RTTNews - Former GMAC financial services chairman J. Ezra Merkin, has agreed to give up control of his investment funds after his link to the Bernard Madoff scandal placed him in the spotlight. Merkin's ties to the man who perpetrated a $65 billion Ponzi scheme have placed him in hot water with New York State Attorney General Andrew Cuomo.

Madoff's funds depended in part on so-called feeder funds that funneled investor deposits directly to Madoff. Merkin's Ascot Partners was allegedly one such feeder fund, directing substantially all of its assets to Madoff.

Cuomo has accused Merkin of actively helping Madoff, knowingly feeding Madoff $2.4 billion to help the former financier's ponzi scheme.

Merkin is not the only person of late to be targeted by the investigation into the Madoff scandal. According to the WSJ Monday, the U.S. attorney's office is investigating at least eight investors and associates are under investigation, naming three of the reported targets as philanthropists Jeffry Picower, 67, and Stanley Chais, 82, and close Madoff friend Carl Shapiro, 96, a women's clothing entrepreneur.

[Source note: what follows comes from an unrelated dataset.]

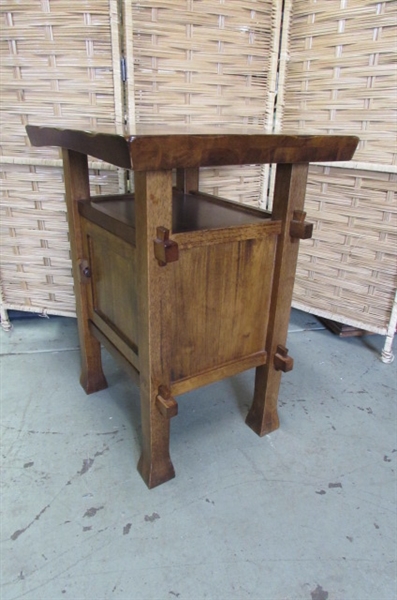 SOLID WOOD ARTS & CRAFTS STYLE CABINET/SIDE TABLE #2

The new targets are being investigated for reportedly manipulating returns. No investors have been charged with a crime.

In March Madoff, 71, pleaded guilty to 11 felony charges, including operating a $65 billion Ponzi scheme, the largest scandal of its kind in history.

Madoff pleaded guilty before U.S. District Judge Denny Chin to securities fraud, investment adviser fraud, mail fraud, wire fraud, three counts of money laundering, false statements, perjury, false filings with the U.S. Securities and Exchange Commission, and theft from an employee benefit plan.

Madoff faces a statutory maximum sentence of 150 years in prison and is also subject to mandatory restitution and faces criminal fines up to twice the gross gain or loss derived from the offense.

His sentencing is scheduled for June 16th.

Madoff's scheme shocked the financial world, revealing severe regulatory cracks within agencies like the SEC. He once a respected investment banker and former chairman of the Nasdaq stock market before being arrested by the FBI on December 11 on charges of securities fraud.

Since Madoff's arrest, the SEC has ordered an internal inquiry into how Madoff's actions had gone unnoticed despite several warnings going back to at least 1999.

Aside from thousands of investors feeling the pain of the scandal, apparently at least two major Madoff investors committed suicide upon learning that the retirement investment fund was a fraud.